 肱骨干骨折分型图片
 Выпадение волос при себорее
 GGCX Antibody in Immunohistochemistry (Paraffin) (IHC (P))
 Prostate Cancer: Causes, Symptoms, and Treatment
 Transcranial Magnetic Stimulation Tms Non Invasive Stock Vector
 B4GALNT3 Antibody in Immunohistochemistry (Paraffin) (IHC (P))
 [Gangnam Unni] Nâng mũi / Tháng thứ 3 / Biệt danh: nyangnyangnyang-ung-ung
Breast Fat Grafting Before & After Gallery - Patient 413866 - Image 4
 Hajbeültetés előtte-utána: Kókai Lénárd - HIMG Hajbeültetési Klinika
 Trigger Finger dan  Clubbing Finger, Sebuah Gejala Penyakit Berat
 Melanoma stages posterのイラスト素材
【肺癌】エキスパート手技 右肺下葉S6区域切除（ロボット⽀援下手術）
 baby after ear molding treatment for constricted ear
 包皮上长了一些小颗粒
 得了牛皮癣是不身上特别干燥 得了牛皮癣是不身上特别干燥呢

___

■ **ABOUT THIS TASK**
As the exercise requires, copy out the data shown above word for word.

■ **FINISHED EXERCISE**
 肱骨干骨折分型图片
 Выпадение волос при себорее
 GGCX Antibody in Immunohistochemistry (Paraffin) (IHC (P))
 Prostate Cancer: Causes, Symptoms, and Treatment
 Transcranial Magnetic Stimulation Tms Non Invasive Stock Vector
 B4GALNT3 Antibody in Immunohistochemistry (Paraffin) (IHC (P))
 [Gangnam Unni] Nâng mũi / Tháng thứ 3 / Biệt danh: nyangnyangnyang-ung-ung
Breast Fat Grafting Before & After Gallery - Patient 413866 - Image 4
 Hajbeültetés előtte-utána: Kókai Lénárd - HIMG Hajbeültetési Klinika
 Trigger Finger dan  Clubbing Finger, Sebuah Gejala Penyakit Berat
 Melanoma stages posterのイラスト素材
【肺癌】エキスパート手技 右肺下葉S6区域切除（ロボット⽀援下手術）
 baby after ear molding treatment for constricted ear
 包皮上长了一些小颗粒
 得了牛皮癣是不身上特别干燥 得了牛皮癣是不身上特别干燥呢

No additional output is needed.